If we just imbibe Western-centric theology as God-given rather than man-made, we unfortunately absorb Western supremacy. Obviously, there’s this core to the faith that is true, but we don’t have to adopt all the cultural trappings as well.
Why do you suggest Asian American Christians bring in Eastern philosophies?
I was taught early on to be very suspicious of anything outside of Western Christianity as potentially dangerous, as potential syncretism, that might draw me away from God. So I wasn’t really exposed to my own culture for a long time. We didn’t celebrate traditional Asian festivals. It’s only as an adult that I’ve been able to reclaim some of those things. Western evangelicalism, and especially a more fundamentalist version of it, is overly condemnatory of other cultures. It almost makes you ashamed to be Asian.
Reclaiming our traditions in a way that synergizes with the gospel of Jesus is possible and healthy and revelatory. American evangelicalism says, “This is how you connect with God”: Do your daily Bible reading, do your journaling time, do your prayer time,” and that’s the mark of a good Christian, right? That’s great, and it works for people. But there’s different seasons of faith, and if there’s no openness to other ways of connecting with God, it really stifles people — and not just Asian Americans. I have friends of all different backgrounds who say it doesn’t always work for them to connect with God in that one way.

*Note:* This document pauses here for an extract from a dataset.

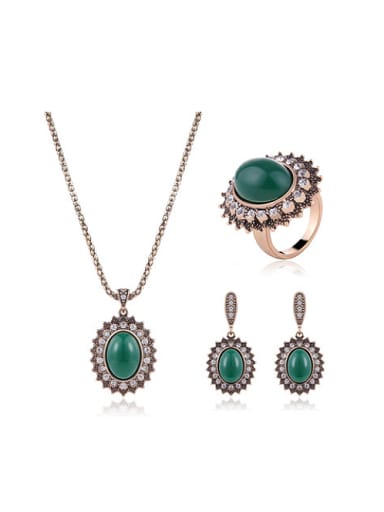 Alloy Antique Gold Plated Vintage style Oval shaped Artificial Stones Three Pieces Jewelry Set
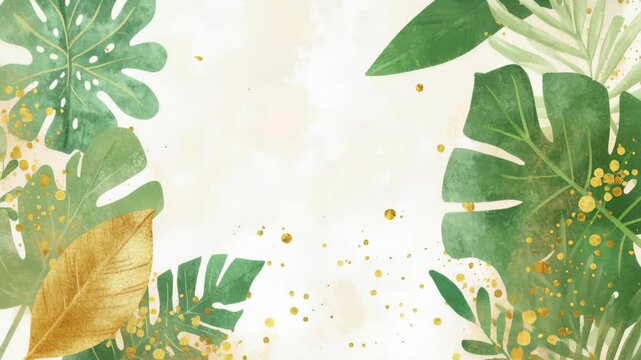 Tropical Watercolor Delight: A mesmerizing watercolor painting showcases lush green and gold tropical leaves, evoking a sense of tranquility and natural beauty.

So it’s been really helpful for me to learn from Asian American Christians and Asians still in Asia. Their different spiritual practices, whether more embodied ways of viewing faith or more contemplative traditions, have been really helpful to me. Or learning about Buddhism or Taoism. I don’t know a lot, but just reading some of the texts and understanding from some of those practitioners how they center themselves and meditate, it’s really freeing just to see other ways to nourish our souls and connect with God.